I was having a bit of a clear out at home the other day and came across an oil painting I’d done as a teenager (the bird of prey shown above). At the time I was considering an art-related degree but I got turned down by the college running the foundation course. Apparently, the quality of my work was good but they were concerned there wasn’t enough of it – an indication that my heart wasn’t in it. 

They were right.

Here I am years later and I’m like a pig in mud, working as a storytelling consultant and trainer. I ran a workshop in Copenhagen recently for one of the world’s leading consulting firms and a delegate said of the session, “Andrew was clearly having fun!”.

It took over 4 decades but I finally realised I was in what Sir Ken Robinsondescribes as my ‘element’. It’s the theme of his book of the same name (above), when someone discovers something they love doing, for which they also have an aptitude. In his experience, many people are highly competent at their job but it doesn’t feed their soul. It’s a way to earn a living but they’re waiting for the weekend to arrive.

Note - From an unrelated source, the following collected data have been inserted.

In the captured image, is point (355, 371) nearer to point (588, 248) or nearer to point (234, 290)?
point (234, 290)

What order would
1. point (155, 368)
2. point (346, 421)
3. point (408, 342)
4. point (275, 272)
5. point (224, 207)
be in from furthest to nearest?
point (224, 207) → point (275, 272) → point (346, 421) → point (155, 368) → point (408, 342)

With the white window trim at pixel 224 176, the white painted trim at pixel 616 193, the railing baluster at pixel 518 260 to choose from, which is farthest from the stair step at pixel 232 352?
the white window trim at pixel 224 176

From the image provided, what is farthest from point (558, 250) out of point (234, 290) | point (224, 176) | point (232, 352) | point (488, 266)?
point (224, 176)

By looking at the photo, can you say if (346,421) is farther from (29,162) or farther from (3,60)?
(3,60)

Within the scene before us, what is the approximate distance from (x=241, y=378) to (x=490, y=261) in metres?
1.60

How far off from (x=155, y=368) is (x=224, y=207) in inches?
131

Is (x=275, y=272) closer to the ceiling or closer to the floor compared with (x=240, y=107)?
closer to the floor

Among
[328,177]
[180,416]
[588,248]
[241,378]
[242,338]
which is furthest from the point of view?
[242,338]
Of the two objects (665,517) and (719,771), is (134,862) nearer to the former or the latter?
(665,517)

Thinking back to those years studying art, I was good at copying things but it felt like hard work and perhaps it wasn’t the kind of creativity I craved.

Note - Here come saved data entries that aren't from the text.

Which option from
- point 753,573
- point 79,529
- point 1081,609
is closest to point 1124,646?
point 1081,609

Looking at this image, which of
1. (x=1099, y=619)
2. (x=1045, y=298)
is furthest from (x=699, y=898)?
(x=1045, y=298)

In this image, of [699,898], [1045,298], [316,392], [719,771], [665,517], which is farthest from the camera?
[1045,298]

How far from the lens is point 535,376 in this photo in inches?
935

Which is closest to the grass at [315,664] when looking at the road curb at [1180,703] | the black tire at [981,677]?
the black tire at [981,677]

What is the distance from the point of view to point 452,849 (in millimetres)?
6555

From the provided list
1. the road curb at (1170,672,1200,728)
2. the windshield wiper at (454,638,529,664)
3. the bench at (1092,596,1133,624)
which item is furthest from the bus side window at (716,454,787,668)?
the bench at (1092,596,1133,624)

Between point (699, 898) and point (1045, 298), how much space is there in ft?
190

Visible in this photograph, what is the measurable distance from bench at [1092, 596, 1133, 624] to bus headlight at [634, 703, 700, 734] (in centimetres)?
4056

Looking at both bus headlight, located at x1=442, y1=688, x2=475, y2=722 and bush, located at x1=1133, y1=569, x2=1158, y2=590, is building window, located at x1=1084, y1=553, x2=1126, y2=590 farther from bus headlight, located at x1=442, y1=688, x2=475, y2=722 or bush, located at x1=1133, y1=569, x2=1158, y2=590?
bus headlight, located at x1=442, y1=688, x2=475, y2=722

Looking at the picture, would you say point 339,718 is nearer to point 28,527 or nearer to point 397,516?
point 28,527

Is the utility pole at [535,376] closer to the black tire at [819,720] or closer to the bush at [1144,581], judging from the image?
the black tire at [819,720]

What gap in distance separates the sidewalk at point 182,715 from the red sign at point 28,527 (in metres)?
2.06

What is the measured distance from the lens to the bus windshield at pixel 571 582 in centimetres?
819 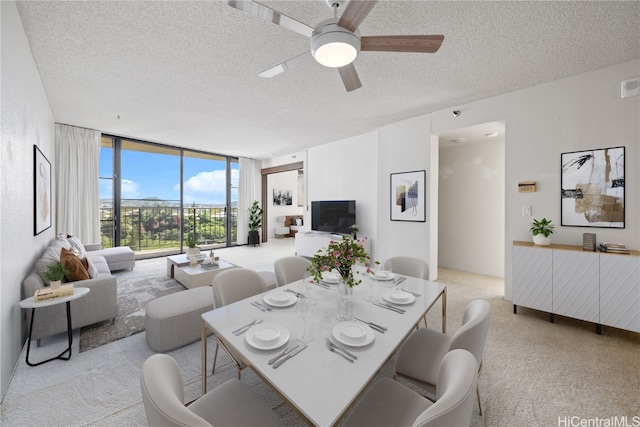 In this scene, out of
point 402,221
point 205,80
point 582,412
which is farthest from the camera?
point 402,221

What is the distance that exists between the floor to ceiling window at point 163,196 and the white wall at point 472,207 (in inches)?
224

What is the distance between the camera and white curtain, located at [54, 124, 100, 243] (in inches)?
179

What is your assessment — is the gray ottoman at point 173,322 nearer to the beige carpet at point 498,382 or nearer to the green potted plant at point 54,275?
the beige carpet at point 498,382

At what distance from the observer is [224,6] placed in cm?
179

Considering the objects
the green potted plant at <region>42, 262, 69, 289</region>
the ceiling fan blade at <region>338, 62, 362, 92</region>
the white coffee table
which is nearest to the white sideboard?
the ceiling fan blade at <region>338, 62, 362, 92</region>

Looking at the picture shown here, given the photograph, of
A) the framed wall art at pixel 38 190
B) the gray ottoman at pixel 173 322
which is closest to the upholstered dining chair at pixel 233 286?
the gray ottoman at pixel 173 322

I suppose the point I’d like to make here is to have patience when it comes to finding your element, and a way to make a living from it. If you embrace new experiences and find the thing you do that makes time pass quickly, that’s a good indication. But you’ve got to be good at it and apply it to a problem that people need (and want) to solve. After all, you could be a world-class sleeper and make time pass by with ease, but you won’t have a queue of customers for that!

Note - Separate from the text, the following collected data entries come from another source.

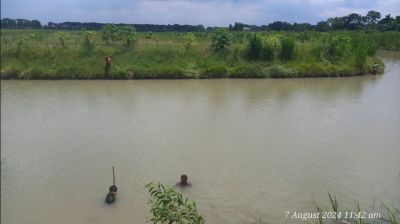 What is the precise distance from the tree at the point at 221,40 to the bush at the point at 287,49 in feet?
9.57

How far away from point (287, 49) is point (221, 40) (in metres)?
3.64

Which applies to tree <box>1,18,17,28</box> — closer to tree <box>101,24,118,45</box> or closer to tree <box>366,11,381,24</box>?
tree <box>101,24,118,45</box>

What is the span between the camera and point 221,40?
2200 centimetres

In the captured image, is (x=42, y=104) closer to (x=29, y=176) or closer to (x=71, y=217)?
(x=29, y=176)

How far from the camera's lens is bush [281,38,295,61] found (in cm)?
2192

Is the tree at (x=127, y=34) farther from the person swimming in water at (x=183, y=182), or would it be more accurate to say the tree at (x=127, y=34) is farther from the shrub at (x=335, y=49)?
the person swimming in water at (x=183, y=182)

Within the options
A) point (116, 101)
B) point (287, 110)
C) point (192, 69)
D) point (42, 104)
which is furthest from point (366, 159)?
point (192, 69)

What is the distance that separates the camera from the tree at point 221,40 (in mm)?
21953

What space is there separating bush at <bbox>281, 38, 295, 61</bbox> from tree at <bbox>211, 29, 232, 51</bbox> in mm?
2917

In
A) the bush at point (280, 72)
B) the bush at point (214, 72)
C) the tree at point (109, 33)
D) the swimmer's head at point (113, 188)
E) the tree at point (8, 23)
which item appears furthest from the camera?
the tree at point (109, 33)

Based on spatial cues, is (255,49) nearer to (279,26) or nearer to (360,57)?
(360,57)

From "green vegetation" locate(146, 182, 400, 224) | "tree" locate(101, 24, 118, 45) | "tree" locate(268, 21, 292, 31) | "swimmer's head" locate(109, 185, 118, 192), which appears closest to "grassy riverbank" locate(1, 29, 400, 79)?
"tree" locate(101, 24, 118, 45)

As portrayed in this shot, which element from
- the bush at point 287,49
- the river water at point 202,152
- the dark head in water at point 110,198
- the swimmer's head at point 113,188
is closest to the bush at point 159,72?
the river water at point 202,152

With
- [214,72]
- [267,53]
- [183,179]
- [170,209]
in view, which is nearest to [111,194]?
[183,179] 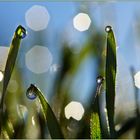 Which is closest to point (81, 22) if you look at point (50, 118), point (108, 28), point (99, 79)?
point (108, 28)

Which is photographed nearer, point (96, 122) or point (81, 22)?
point (96, 122)

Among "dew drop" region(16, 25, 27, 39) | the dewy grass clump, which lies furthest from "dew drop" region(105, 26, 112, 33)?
"dew drop" region(16, 25, 27, 39)

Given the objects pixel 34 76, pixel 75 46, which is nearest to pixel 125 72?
pixel 75 46

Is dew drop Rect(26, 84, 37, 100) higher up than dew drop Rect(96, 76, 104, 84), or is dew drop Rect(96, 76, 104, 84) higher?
dew drop Rect(96, 76, 104, 84)

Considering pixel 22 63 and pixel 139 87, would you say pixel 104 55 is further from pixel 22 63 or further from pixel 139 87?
pixel 22 63

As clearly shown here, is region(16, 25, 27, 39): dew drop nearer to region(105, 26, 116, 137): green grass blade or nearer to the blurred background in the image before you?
the blurred background

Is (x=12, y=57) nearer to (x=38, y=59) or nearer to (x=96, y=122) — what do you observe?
(x=38, y=59) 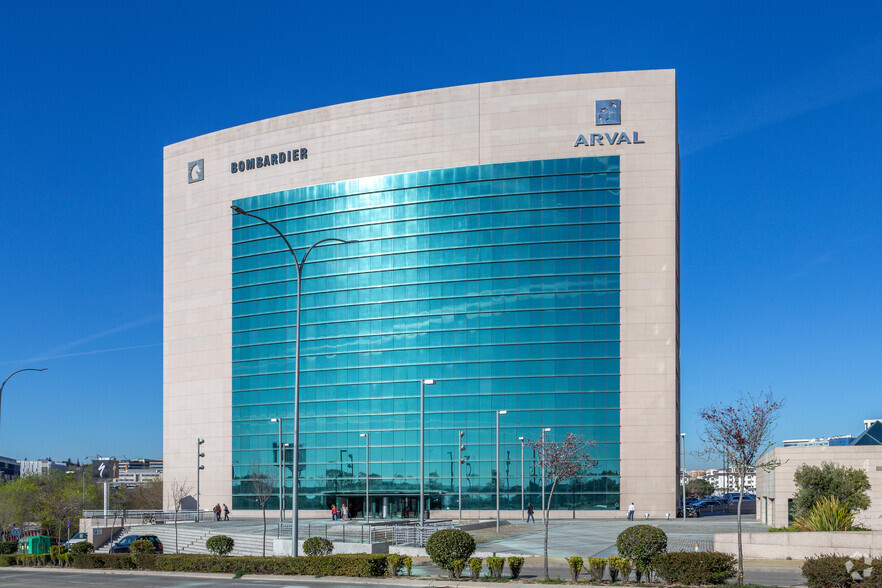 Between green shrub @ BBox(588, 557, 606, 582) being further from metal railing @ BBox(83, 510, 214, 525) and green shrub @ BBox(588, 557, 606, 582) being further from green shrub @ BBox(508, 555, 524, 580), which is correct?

I earned very little when I started and had to supplement my living with other forms of work. I had to learn from the market about what it actually wanted (which wasn’t what I initially offered). It takes persistence but if you do discover your ‘thing’ and find a way to make it pay, you’re in a wonderful place. It gives you a sense of purpose and a satisfaction that what you do creates value in the world.

I’d love to hear your story of finding your element.